I remember – this is a long time ago now – when one thing that video card vendors did was to disable antialiased line rendering acceleration on “gaming” cards. Most people using 3D cards to do 3D modeling really wanted antialiased lines, because they spent a lot of time looking at wireframes, and wanted them to look nice. They were using the hardware for real work, were less-price sensitive. Video card vendors decided to try and differentiate the product so that they could use price discrimination. Okay, so imagine that you’re a game developer and you say that antialiased lines – which I think most developers would just assume would become faster and faster – don’t have a large performance impact…and then the hardware vendors start disabling the feature on gaming cards, so suddenly cards are maybe slower rendering than earlier cards. Now your guidance is wrong.

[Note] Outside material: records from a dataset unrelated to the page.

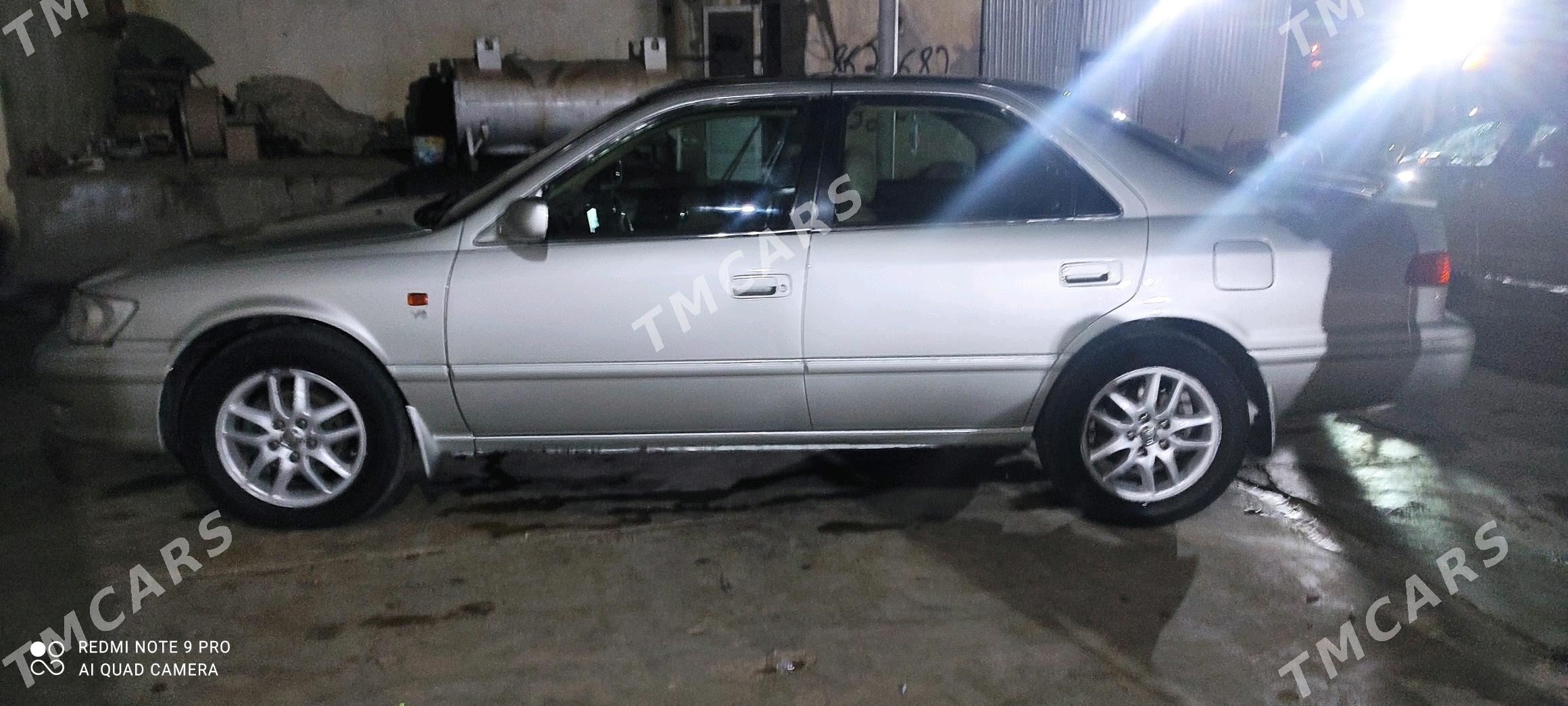 Toyota Camry 1999 - 120 000 TMT - Теджен - img 2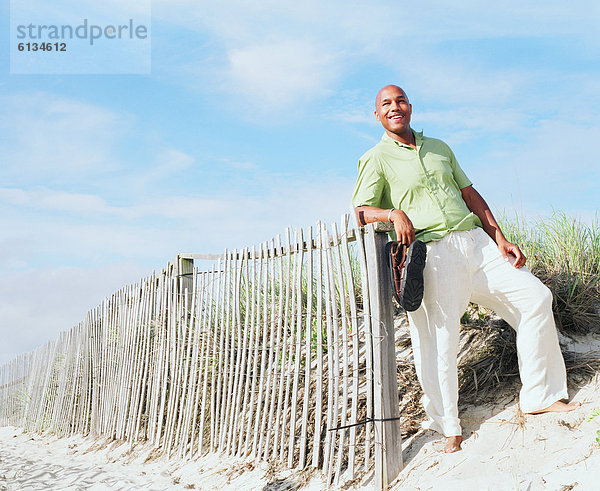 angelehnt Mann Strand Zaun jung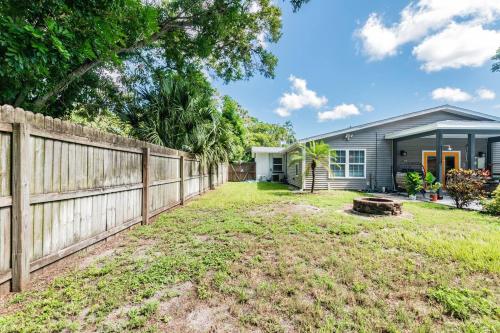 Home w/heated pool 10 mins to Clearwater Beach! in Largo, USA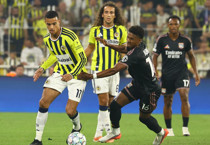 Kadıköy'de kazanan yok: Fenerbahçe ile Lyon 1-1 berabere kaldı, rövanş 26 Ağustos'ta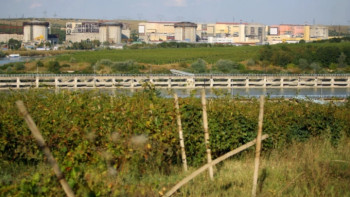 Фотография к новости: Румыния Дунайдағы су тапшылығына байланысты жалғыз АЭС-тің жұмысын тоқтатты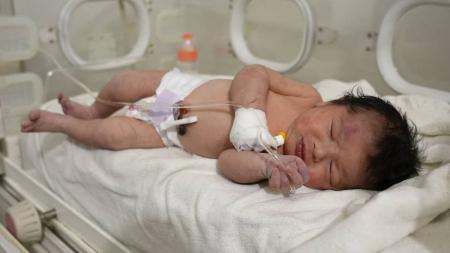 Bebê recém-nascida foi encontrada em escombros ainda ligada à mãe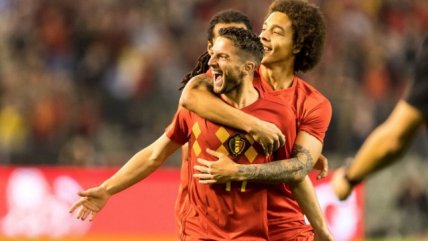 Una hermosa volea de Mertens y un túnel de Groeneveld definieron empate entre Bélgica y Holanda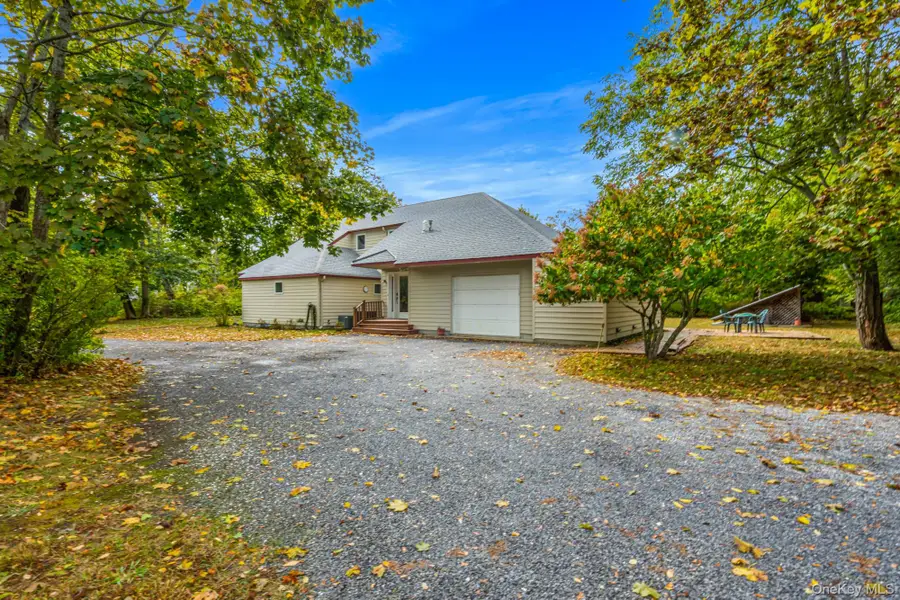 150 Montauk Highway, Westhampton, NY 11977 - Image #2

Another example: Right now, there are a lot of people who are a lot less price sensitive than most gamers wanting to use cards for parallel compute to run neural nets for AI. What those people care a lot about is having a lot of on-card memory, because that increases the model size that they can run, which can hugely improve the model’s capabilities. I would guess that we may see video card vendors try to repeat the same sort of product differentiation, assuming that they can manage to collude to do so, so that they can charge people who want to run those neural nets more money. They might tamp down on how much VRAM they stick on new GPUs aimed at gaming, so that it’s not possible to use cheap hardware to compete with their expensive compute cards. If you’re a vendor and thinking that blowing, say, 2x to 3x the VRAM current hardware has N years down the line is reasonable for your game, that…might not be a realistic assumption.

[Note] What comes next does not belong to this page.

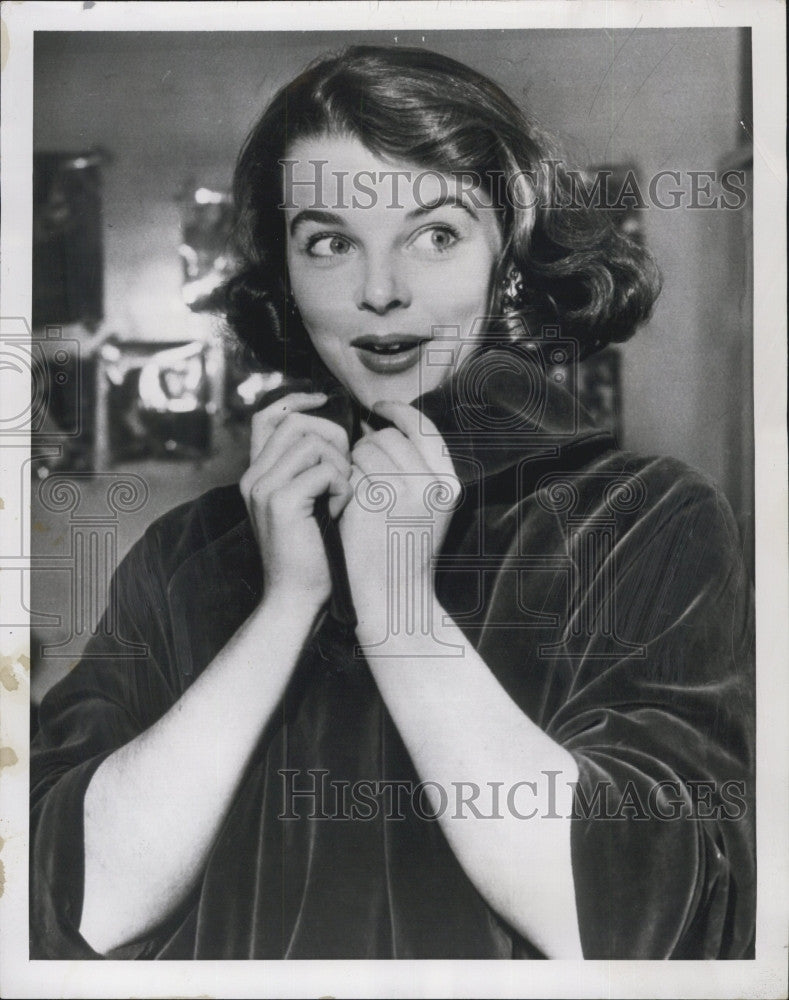 1951 Press Photo Actress, Diane Cassidy at court - Historic Images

I don’t think that antialiasing mechanisms are transparent to developers – I’ve never written code that uses hardware antialiasing myself, so I could be wrong – but let’s imagine that it is for the sake of discussion. Early antialiasing ran by using what’s today called FSAA. That’s simple and for most things – aside from pinpoint bright spots – very good quality, but gets expensive quickly. Let’s say that there was just some API call in OpenGL that let you get a list of available antialiasing options (“2xFSAA”, “4xFSAA”, etc). Exposing that to the user and saying “this is expensive” would have been very reasonable for a developer – FSAA was very expensive if you were bounded on nearly any kind of graphics rendering, since it did quadratically-increasing amounts of what the GPU was already doing. But then subsequent antialiasing mechanisms were a lot cheaper. In 2000, I didn’t think of future antialiasing algorithm improvements – I just thought of antialiasing entailing rendering something at high resolution, then scaling it down, doing FSAA. I’d guess that many developers wouldn’t either.